Part of the team at the end of 1980s, during the participation of the club in the Second League of the USSR: the head coach — the Nerd Ayriev, players — Igor Usov, Aydinbek Aliyev, Igor Polishchuk, Sergei Calistru, Jamoliddin Tojiboev, Edvard Kudryashov, Dilshod Muminov, Alexander Golokolosov, Elvedin Ayupov, Nail Sagitov, Igor Golovanov, Damir Rakhmatullin, Zahid Nurmatov, Rustam Urazov, Numon Khasanov, Vitaly Avanesov, Andrei Timofeev, Vyacheslav Dervishev, Alexander Starikov, Yevgeny Matveyev, Michael Enns, Murad Qamchiev, Rustam Abdullaev, Andrei Yemanov, Murad Ismoilov, Alfred Dietrich, André Fedorov, Rodion Shamanaev.

=== Uzbekistan ===
After the dissolution of the USSR and the independence of Uzbekistan, since 1992 was held the national championship of the country – Uzbekistan Championship. In that year the club changed its name to Temiryulchi (Railroader in translation from Uzbek language). Temiryulchi was included in the Uzbekistan Higher League, and thus became one of the participants of the first draw of Uzbekistan Higher League. According to the results of the debut season, Kokand club took sixth place among seventeen teams. In that year, Temiryulchi also reached the final of the first draw of the Uzbekistan Cup, Namangan lost Navbahor with the score 6:5 on penalties (main and extra time ended in a draw with the score 0:0). That year Kokand club for the first time, and for the last time in its history reached the final of the Uzbekistan Cup. This is considered the best achievement of the club in the new period, during the independence of Uzbekistan.

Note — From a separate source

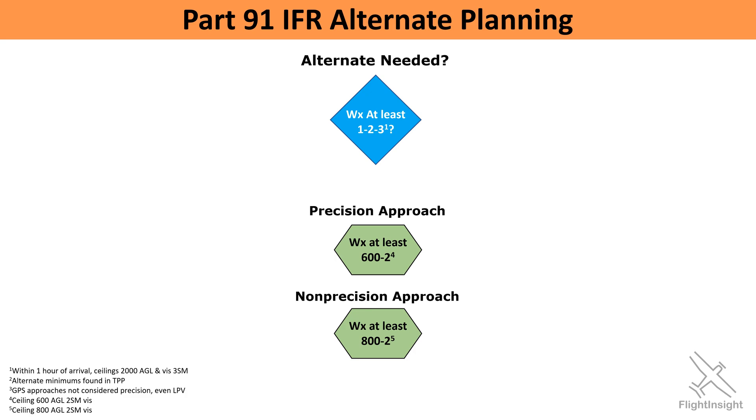One last thing — all of this really only applies to our plan. Once we're in the air, things are more fluid. If we filed an alternate with an ILS, but find once we're about to actually shoot the approach that the weather is lower than 600-and-2, it doesn't mean we can't fly the approach. The same requirements apply as they would for any approach — as long as the weather minimums listed on the plate are met, we're good to go.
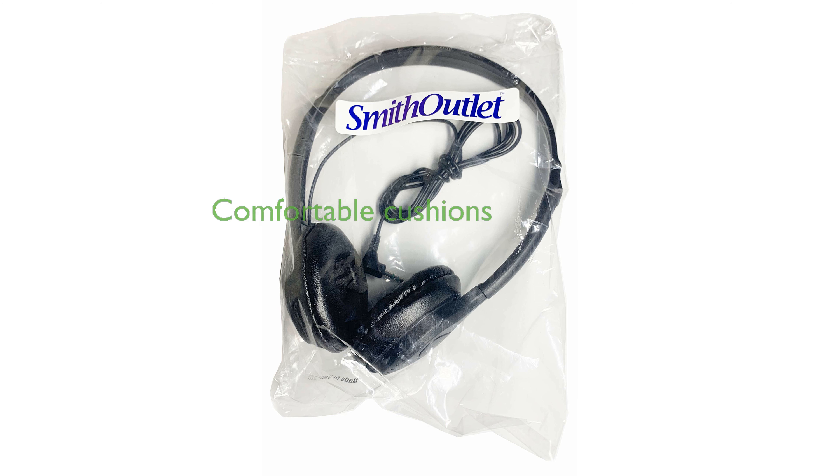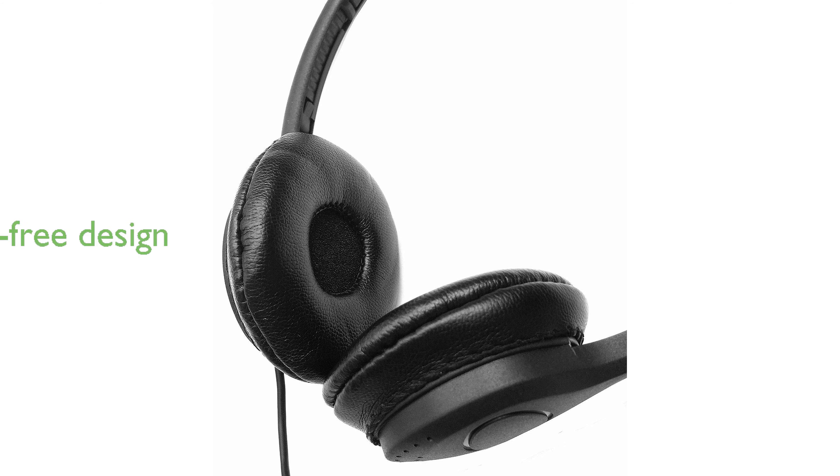These headphones feature extra soft leatherette ear cushions that can be easily wiped clean, adding to their durability and comfort. With a single 4.5-foot cord for both ears, the design prevents tangling and makes them easy to use.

Temiryulchi prior to 1995, participated in the Uzbekistan Higher League. In the season of 1995, finishing in the penultimate 15th place, relegated to the Uzbekistan First League. In the First League was delayed for two seasons, and in the season 1997, becoming the winner of this League, has returned to the Higher League. Until 2000 Kokand club participated in the Higher League. In the 2000 season taking the last 20-th place for the second time in its history, relegated to the First League.

In 2001, he again won the First League and returned to the Higher League. In 2002, the club changed its name to Kokand. In the seasons 2002 and 2003 participated in the Higher League, and in 2004, was not allowed to participate in the Higher League for non-payment of premium. In 2005 and 2006 participated in the First League, and in 2007 even participated in the Second League. The next two seasons again was a participant in the First League. In 2009, the club changed its name to Bunyodkor-Kokand. In 2010–2011, the club actually ceased to exist.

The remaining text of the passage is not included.